No durmió aquella noche, y cuando la primera luz definió el
rectángulo de la ventana, ya estaba perfecto su plan. Procuró que ese día, que
le pareció interminable, fuera como los otros. Había en la fábrica rumores de
huelga; Emma se declaró, como siempre, contra toda violencia. A las seis,
concluido el trabajo, fue con Elsa a un club de mujeres, que tiene gimnasio y
pileta. Se inscribieron; tuvo que repetir y deletrear su nombre y su apellido,
tuvo que festejar las bromas vulgares que comentan la revisación. Con Elsa y
con la menor de las Kronfuss discutió a qué cinematógrafo irían el domingo a la
tarde. Luego, se habló de novios y nadie esperó que Emma hablara. En abril
cumpliría diecinueve años, pero los hombres le inspiraban, aún, un temor casi
patológico... De vuelta, preparó una sopa de tapioca y unas legumbres, comió
temprano, se acostó y se obligó a dormir. Así, laborioso y trivial, pasó el
viernes quince, la víspera.
Las cosas no ocurrieron como había previsto Emma Zunz. Desde
la madrugada anterior, ella se había soñado muchas veces, dirigiendo el firme
revólver, forzando al miserable a confesar la miserable culpa y exponiendo la
intrépida estratagema que permitiría a la Justicia de Dios triunfar de la
justicia humana. (No por temor, sino por ser un instrumento de la Justicia,
ella no quería ser castigada.) Luego, un solo balazo en mitad del pecho
rubricaría la suerte de Loewenthal. Pero las cosas no ocurrieron así.

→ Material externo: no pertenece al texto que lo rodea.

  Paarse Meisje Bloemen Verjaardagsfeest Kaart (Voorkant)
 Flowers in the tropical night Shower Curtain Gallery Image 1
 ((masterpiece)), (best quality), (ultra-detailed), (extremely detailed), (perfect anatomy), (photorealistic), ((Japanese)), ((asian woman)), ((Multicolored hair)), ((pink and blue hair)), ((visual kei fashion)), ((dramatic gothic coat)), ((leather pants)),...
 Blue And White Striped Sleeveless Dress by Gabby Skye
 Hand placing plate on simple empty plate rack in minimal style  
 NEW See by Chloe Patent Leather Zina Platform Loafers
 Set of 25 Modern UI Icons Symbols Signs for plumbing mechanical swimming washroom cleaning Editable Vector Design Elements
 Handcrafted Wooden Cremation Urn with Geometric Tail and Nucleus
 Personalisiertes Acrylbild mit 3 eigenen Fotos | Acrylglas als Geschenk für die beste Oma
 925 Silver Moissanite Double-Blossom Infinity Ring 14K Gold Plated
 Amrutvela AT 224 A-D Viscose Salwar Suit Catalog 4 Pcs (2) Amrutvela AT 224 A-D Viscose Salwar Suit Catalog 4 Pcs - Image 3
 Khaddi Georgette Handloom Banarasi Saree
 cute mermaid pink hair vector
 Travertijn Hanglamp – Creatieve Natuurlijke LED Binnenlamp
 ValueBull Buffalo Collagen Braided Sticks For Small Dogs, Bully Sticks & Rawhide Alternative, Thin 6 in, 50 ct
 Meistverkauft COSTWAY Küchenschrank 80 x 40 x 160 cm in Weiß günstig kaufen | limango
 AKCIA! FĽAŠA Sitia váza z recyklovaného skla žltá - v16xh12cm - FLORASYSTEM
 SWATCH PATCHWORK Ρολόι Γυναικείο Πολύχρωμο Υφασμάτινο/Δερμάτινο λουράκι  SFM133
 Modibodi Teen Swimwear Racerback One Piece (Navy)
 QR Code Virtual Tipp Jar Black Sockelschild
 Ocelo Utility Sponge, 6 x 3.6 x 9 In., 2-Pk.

Ante Aarón Loewenthal, más que la urgencia de vengar a su
padre, Emma sintió la de castigar el ultraje padecido por ello. No podía no
matarlo, después de esa minuciosa deshonra. Tampoco tenía tiempo que perder en
teatralerías. Sentada, tímida, pidió excusas a Loewenthal, invocó (a fuer de
delatora) las obligaciones de la lealtad, pronunció algunos nombres, dio a entender
otros y se cortó como si la venciera el temor. Logró que Loewenthal saliera a
buscar una copa de agua. Cuando éste, incrédulo de tales aspavientos, pero
indulgente, volvió del comedor, Emma ya había sacado del cajón el pesado
revólver. Apretó el gatillo dos veces. El considerable cuerpo se desplomó como
si los estampidos y el humo lo hubieran roto, el vaso de agua se rompió, la
cara la miró con asombro y cólera, la boca de la cara la injurió en español y
en ídisch. Las malas palabras no cejaban; Emma tuvo que hacer fuego otra vez.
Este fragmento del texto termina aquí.